Although the Flisch and Perrin families were no longer involved with operative management of Felco, they remained active in the Flisch Holding company which fully owned Felco, and the separate Prétat SA, supplier of the aluminium handlebars for Felco products, and partially owned FELCO Motion. Through membership on the board in the holding company, the Flisch and Perrin families remained actively involved in the strategy of the group and in Felco in particular.

Felco, as an operating company, had its own dedicated board with at least one member of Flisch Holding and external board members. General management of Felco was in the hands of three members, with Christophe Nicolet CEO since 2011.

Since Felco was a privately held company with a family holding as its main shareholder, no financial data were regularly made public. According to Nicolet, its CEO, there was little talk about EBIT at the firm level. The main financial parameter was the re-investment capacity at Felco for new equipment and projects, which was targeted at about CHF 2 million annually, or about 5 percent of sales. The company did not avail itself of any bank financing or mortgages and was fully financed through the family-owned Flisch Holding.Footnote 11

Board Structures at Investor-Driven Companies

Some companies remained investor or owner-driven largely because the changes in ownership were relatively recent and the acquiring ownership was still in its first generation of managing the company. Different from multi-generational companies, board structures were focused on current owners who also played active roles in management.

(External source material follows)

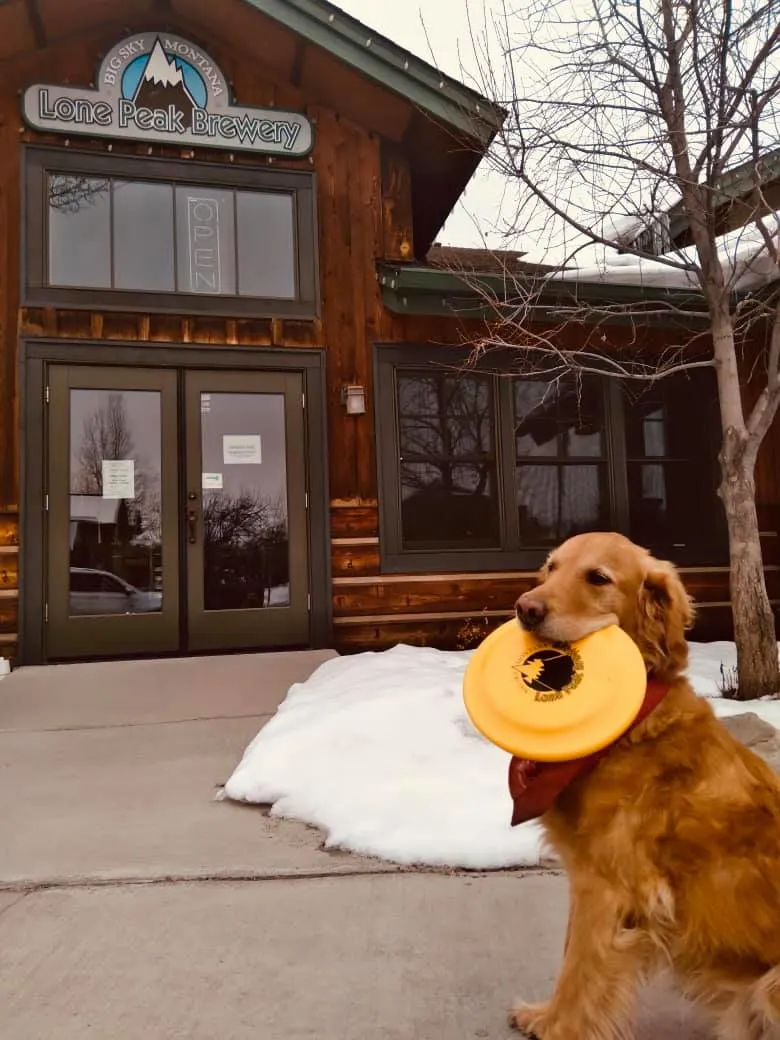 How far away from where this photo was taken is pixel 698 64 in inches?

Lantal, majority-owned by Urs Rickenbacher and some partners involved in the management of the company, considered private ownership an advantage because it gave the company a strong impetus and motivated partner colleagues. Rickenbacher had acquired the firm from the 3rd generation of the Baumann family and company founders. Lantal was governed by three bodies: management, partners (shareholders) and the board of directors, which consisted mainly of external members not active in the company. When Urs Baumann, aged 70, no longer wanted to serve on the board of directors, he suggested that Rickenbacher, as the main owner and CEO, should succeed him as Chairman of the Board of Directors. However, Rickenbacher declined, because it violated the basic principles of good corporate governance. As CEO, he preferred to be challenged by external members with extensive experience.Footnote 12

Evolving Role of Boards

This review of the documented firms demonstrates a continuous evolution of the role of the board. In most firms, the board had started out as a reflection of ownership. As long as management and ownership were one, and as long as ownership remained active in management, discussions at the board level were largely statutory. The key conversations took place at work, or at the dinner table, as was the case with some of the early founder husband and wife teams.

As the companies grew, and as new generations took over, there was a sense that ownership and management might have to be separated. With the complexity of the business increasing, board expertise began to be in demand. To avoid intermingling ownership with management expertise, companies started to establish separate boards for ownership of the key company assets, such as real estate. That made room for establishing boards at the operating company level to attract external expertise.

Naturally, those firms that became public companies and whose shares were listed on the stock exchange faced new realities with very specific requirements as to how to structure a board. Once the step into public ownership was taken, the board structures were far less subjected to company choice. Regulations of good practice had to be followed. This applied particularly to companies where original ownership by founders had given way to a shareholder pool that was increasingly dominated by free float.